The victor of Waterloo and the professor of bioinformatics fell in the first round on May 21. In an unusual development, Manja’s game was temporarily suspended at move 119 so that she could breastfeed Larissa. Three Korean and five Chinese players also lost, as did both of the players from Chinese Taipei and all three of the Japanese. Hong-sensei spoke with his three pupils by phone afterward. ‘They felt as if they had run into a wall,’ he said.
The Chinese accordingly outnumbered the Koreans 11-5 in the second round, but the Koreans now stood their ground, even dispatching Wang Chen, one of China’s top four amateurs. The other three of the top four (Hu Yuqing, Bai Baoxiang, and Ma Tainfang), together with China’s Zhao Yiwu, advanced into the third and final amateur round on May 23, but there disaster awaited them. Jeong Seunghyeon, Lee Changseok, and Oh Jangwook, currently ranked 9th, 12th, and 15th in the Korean insei league, defeated Bai, Zhao, and Ma, respectively, and in a game that may foretell the outcome of this year’s World Amateur Championship, Choi Hyeonjae (Korea’s amateur Kuksu) defeated China’s top-rated Hu Yuqing. Choi, Jeong, Lee, and Oh will return to Beijing for the first round of the main tournament on July 9.

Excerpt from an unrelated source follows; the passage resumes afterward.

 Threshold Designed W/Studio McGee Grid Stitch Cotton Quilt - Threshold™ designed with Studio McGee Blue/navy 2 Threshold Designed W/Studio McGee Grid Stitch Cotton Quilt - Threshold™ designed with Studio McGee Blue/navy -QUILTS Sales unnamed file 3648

The day after the Korean amateurs’ smashing success, Chinese pros closed out the professional preliminary rounds in smashing style themselves, taking 32 of the 42 men’s slots (Koreans got the other 10) plus three of the four women’s slots. The fourth winning female pro was Australian-born Joanne Missingham, aka Hei Jiajia, who has played for Oceania in the Denso Cup and for Chinese Taipei in the World Mind Games and now gets another chance at a world title.